Team B always shoots second, and going second is usually the pressure kick: it's the kick that will either save you from being knocked out, or win the game for your side. Either way, it's this added mental pressure that is believed to cause the second team to miss more often.
The new system being trialled by UEFA ensures that the team that shoots first alternates. The first pair of penalties is A then B, the second is B then A, and then AB again. This is nicknamed the ABBA system because it goes:
ABBA ABBA.... until there's a winner. And the wiinner takes it all. (Sorry.)
The ABBA order seems a lot fairer. In the five pairs of penalties, A will kick first three times and B will do so twice, so A only has a slight advantage. And if it's level after five, B gets to kick first in the opening round of sudden death, which means both teams have had first kick three times.

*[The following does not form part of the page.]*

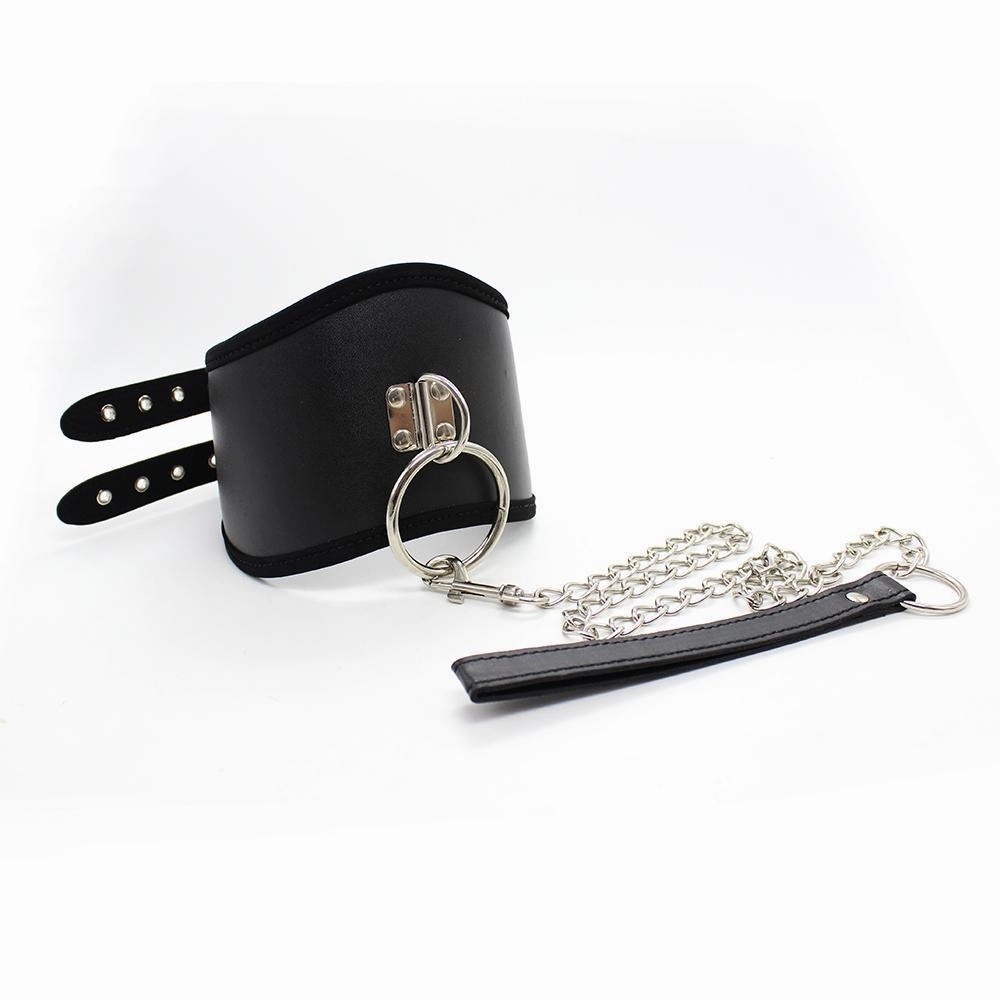 Collar - Posture Collar PVC (3 color options)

ABBA ABBA is similar to the ordering in a tennis tie break. In tennis, player A serves once and then each player serves twice in turn, so it goes: A BB AA BB AA. The same pattern. The difference is that in tennis, one player has to be ahead by two points in order to win.
There is one small snag with ABBA. There is never a time when B has had the advantage of first penalty more times than A. (A, on the other hand, has had more first kicks than B after every odd-numbered round).

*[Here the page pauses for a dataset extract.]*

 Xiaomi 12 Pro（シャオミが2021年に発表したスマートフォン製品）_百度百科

Is there a fairer system than ABBA? Yes.
There is a pattern called the Thue-Morse sequence that turns out to be the optimal pattern for fair-sharing in many situations where two parties are taking turns - including penalties. The Thue Morse pattern starts like this:
ABBA BAAB BAAB ABBA BAAB...
Here, in the first five penalties, B goes first three times and A twice, so now B has the slight advantage. The difference between this and ABBA, however, is that as you go deep into sudden death, this overall advantage switches between A and B. There will be times when A has had more first kicks than B, and times where B has had more first kicks than A.
And when it comes to fairness, this matters. As recently as 2014, Liverpool beat Middlesbrough 14-13 in a penalty shootout. (In the end both teams took 15 penalties. Surprise surprise, Liverpool went first.) With ABBA ABBA there would have been eight moments when Liverpool had had first kick advantage over Middlesborough, but none when Middlesbrough had had first kick advantage more often than Liverpool. With ABBA BAAB, on the other hand, after 15 penalties both teams would have had this advantage four times.

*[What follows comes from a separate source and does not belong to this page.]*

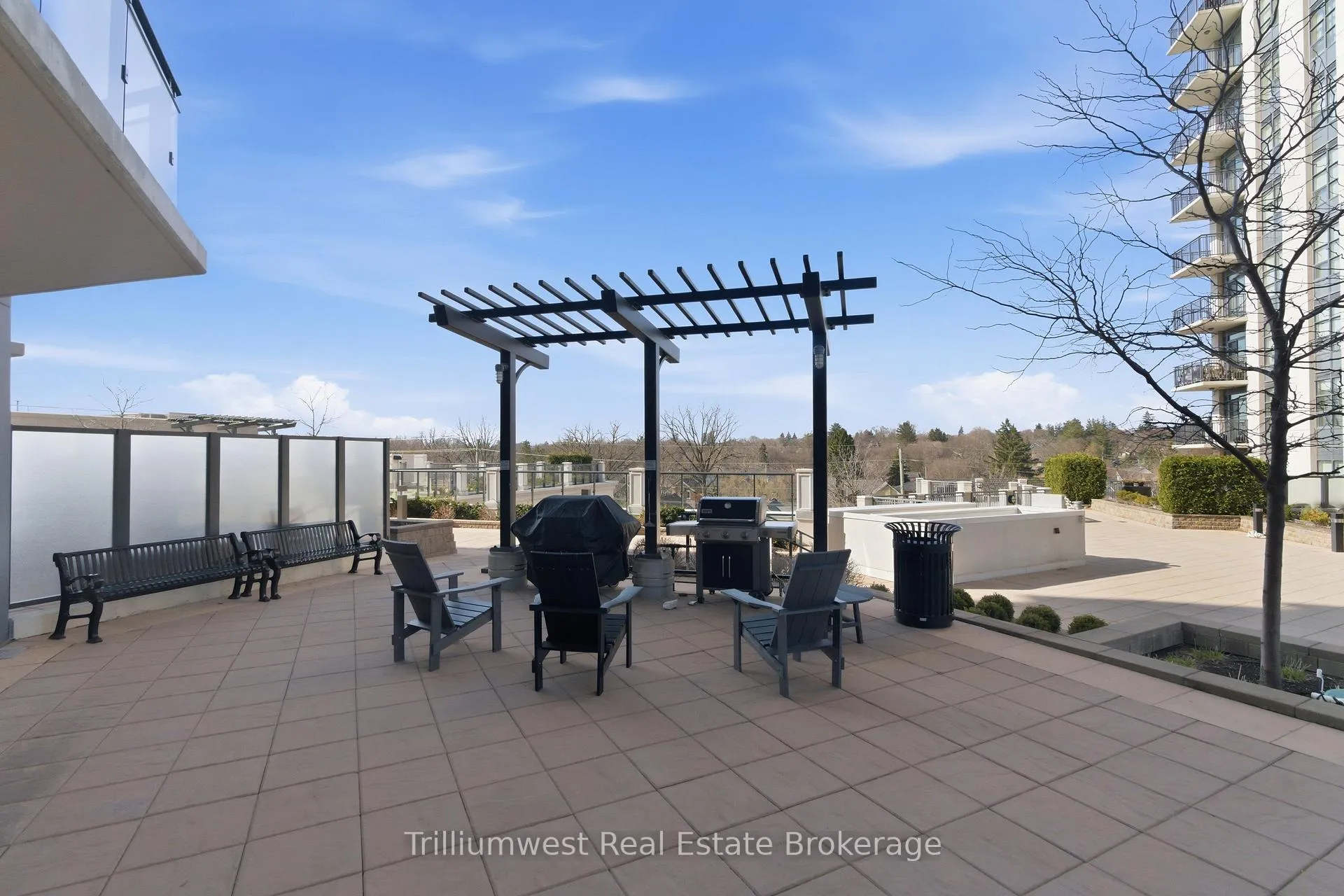 Photo 30 of Unit 702, 155 Caroline Street S, Waterloo — HOMEH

But Thue Morse is harder to get your head around. And you have to wonder if the relative complexity of the ABBA BAAB pattern justifies the very subtle benefits that it brings.
ABBA is much fairer than ABAB, but ABBA-BAAB is only marginally fairer than ABBA.
So in choosing ABBA, EUFA has gone for best combination of fairness and simplicity. And in football, simplicity, well....that's the name of the game. (Sorry.)
Post Script.
There is another football situation in which Thue Morse is almost certainly the fairest system. It’s the classic school[boy] lunchtime challenge of picking two teams to play in the playground. Two captains are appointed, and they then take it in turns to pick the best remaining player. However this gives captain A an advantage, because the first player picked is better than the second, the third is better than the fourth, and so on. ABBA would be an improvement. However, footballing ability does not decay linearly as you go through the squad - no player is worth zero, not even the last pick. More likely, ability decays exponentially towards zero, When value decreases in this non-linear way, ABBA BAAB BAAB ABBA… is the fairest way to share resources. So next time you're picking teams in the playground and want fairness, choose Thue Morse. Or you could end up with a case of Gimme Gimme Gimme my ball back. (Enough! Ed.)
I would like to thank the maths department at King Edwards School in Birmingham for first alerting me to this story.